I have one more query on race :

######################

                initial
		  begin
		   {w,reset} = {1'b1,1'b1};
			repeat(2)
			@(negedge clock);
			reset = 0;
			#100 $finish ;
		  end

                  initial
		    begin
		     #1 clock = 0;
		     forever #1 clock = ~clock ;
		    end
		 
		 always@(negedge clock)
	           begin
		     w = ~w ;
		   end

#################################

In the above snippet , I found the variable w doesn’t repeat with a value = 1 for 2 negedge cycles .It always toggles to 0 in the very first negedge of clock .

I have changed the order of simulation and found the same result .

It looks like repeat has no impact on w .

Could you please clarify the same ?

Thanks,
Susmita

In reply to sush:
I do not see how reset affects the value of w with the code you showed.

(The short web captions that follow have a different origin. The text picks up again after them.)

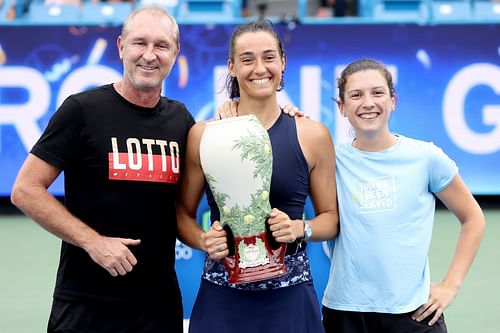 Caroline Garcia with coach Bertrand Perret and trainer Laura Legoupil at the 2022 Western & Southern Open - Getty Images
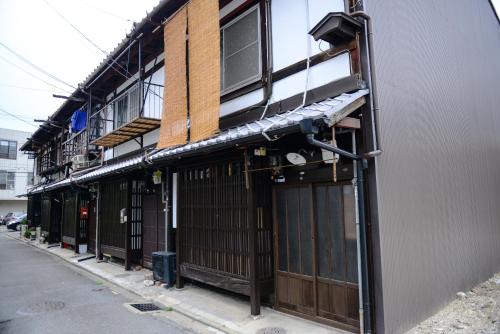 Nishioji KADO 西大路 角 わんちゃんと泊まれるお宿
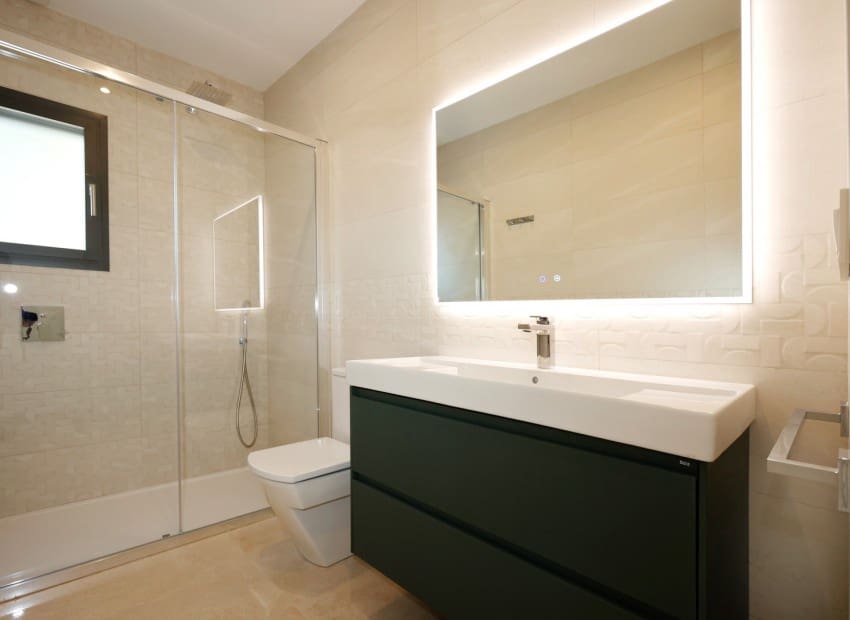 Chalet de 4 habitaciones en Calpe / Calp en venta con piscina - 840.000 € (Ref: 9343580)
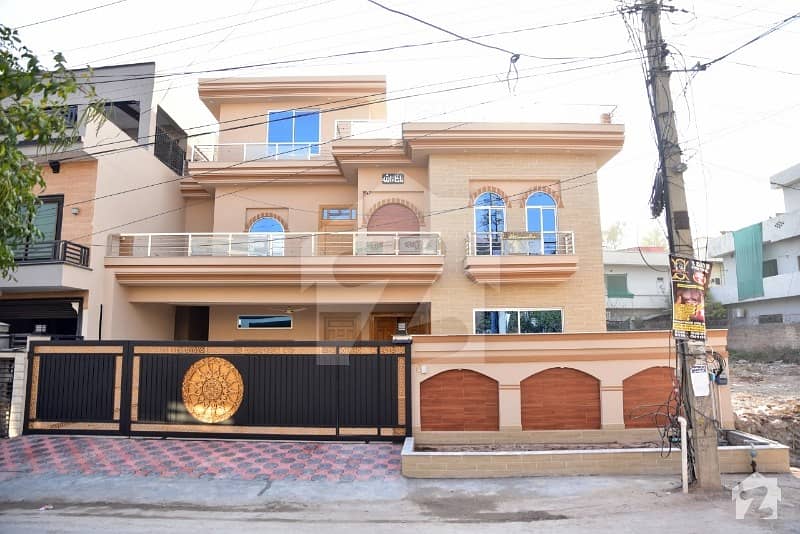 Perfect 4500  Square Feet House In Airport Housing Society For Sale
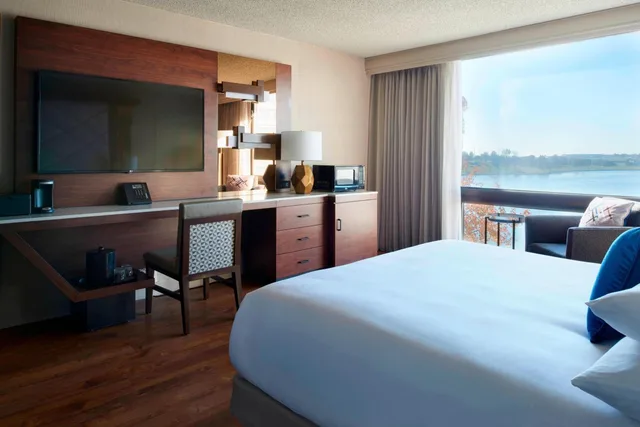 غرفة بسرير كوين بحوض استحمام لذوي الإعاقة، Kansas City Airport Marriott 2/7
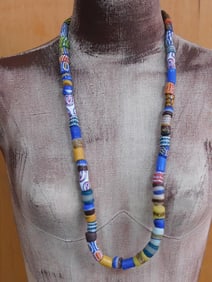 AFRICAN TRADE BEADS ROCK STONE LAPIDARY SPECIMEN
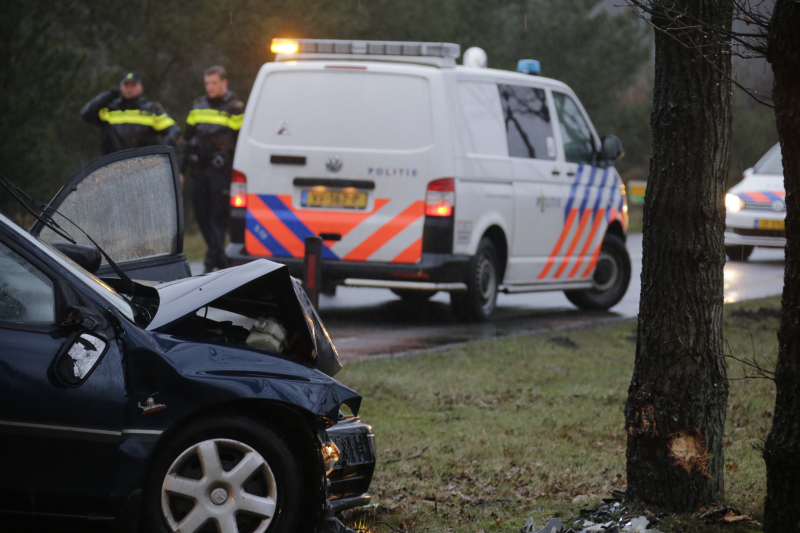 Persoon gewond na botsing tegen boom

Also note that if you declare clock as a reg, an X to 0 transition is considered a negedge.

Dear Dave,

I am not saying “reset” has an impact rather “repeat” construct should repeat value of w to 1 for 2 neg-edge of clock cycles .
####################################################
{w,reset} = {1’b1,1’b1};
repeat(2)
@(negedge clock);
#####################################################

But the following snippet doesn’t repeat w to 1 for 2 negedge clock cycles rather in the first negedge i.e transition from x to 0 toggles initial value of w from 1 to 0.
######################################################
always@(negedge clock)
begin
w = ~w ;
end
########################################################

In reply to sush:

Dear Dave,
Please explain if the below code creates a write-write race condition for “y” :

initial
begin
#5 y <= 2;
end
initial
begin
y <= #5 3;
end

Observation : y always takes the value of 2 irrespective of the order of simulation .

Hi,

I see a race condition here! Which means incorrect usage of constructs.

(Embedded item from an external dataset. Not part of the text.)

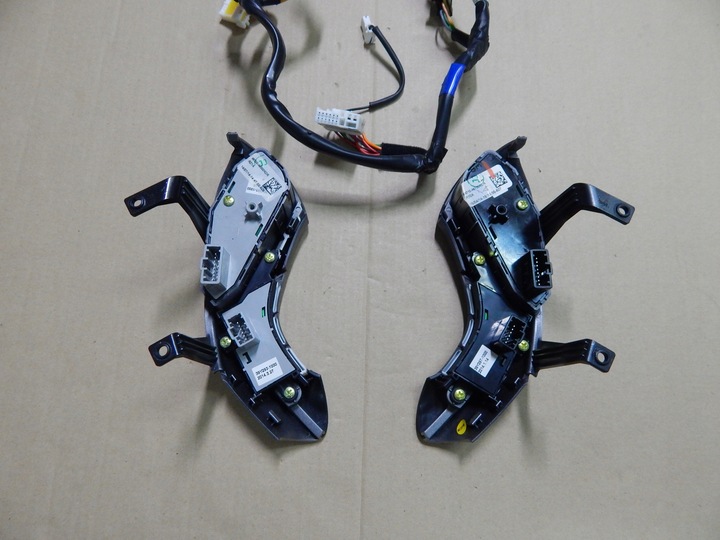 фото №7, Hyundai i30 ii - круиз-контроль мультифункция кнопки руль podgrzewanej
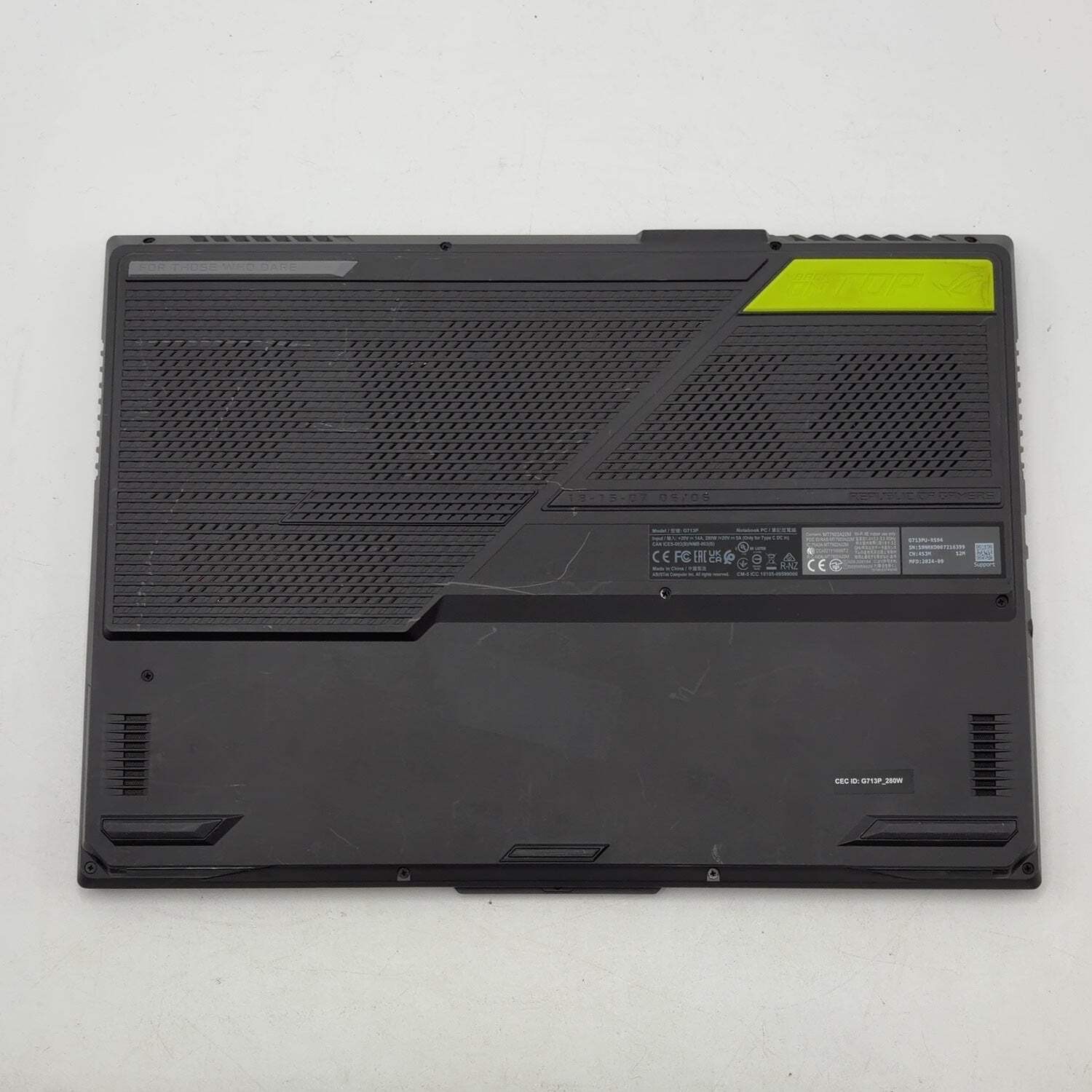 Asus ROG Strix G713 17.3″ Ryzen 9 7940HX 16GB RAM 1TB SSD GeForce RTX 4050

For e.g. look at the code below,

//This is a race condition as you would agree.
initial
 begin
  #5 
  y <= 2;
 end
 
initial
 begin
   #5;
   y <= 3;
 end
//Now only confusion could be of having an 'intra' assignment delay
//Which can be converted to simple delays(IEEE 1800-2012 Sec 9.4.5)
initial
 begin
  #5 
  y <= 2;
 end
 
initial
 begin
   //y <= #5 3;
   //Is same as
   tempY = 3;
   #5
   y <= tempY;
 end

In short any tool you use will give correct behavior(race/incorrect behavior) regardless.

In reply to MayurKubavat:
There is no race. Your conversion to remove the intra-assignment delay is not equivalent to the original code and yours does have a race. The LRM section I mention above states that if the ordering of the assignments is determinate, the outcome is determinate.

In reply to sush:
Please start a new topic thread if you ate still having issues. It will help if you can provide a complete runnable example along with expected versus actual results. As you have written, I do not understand your issue.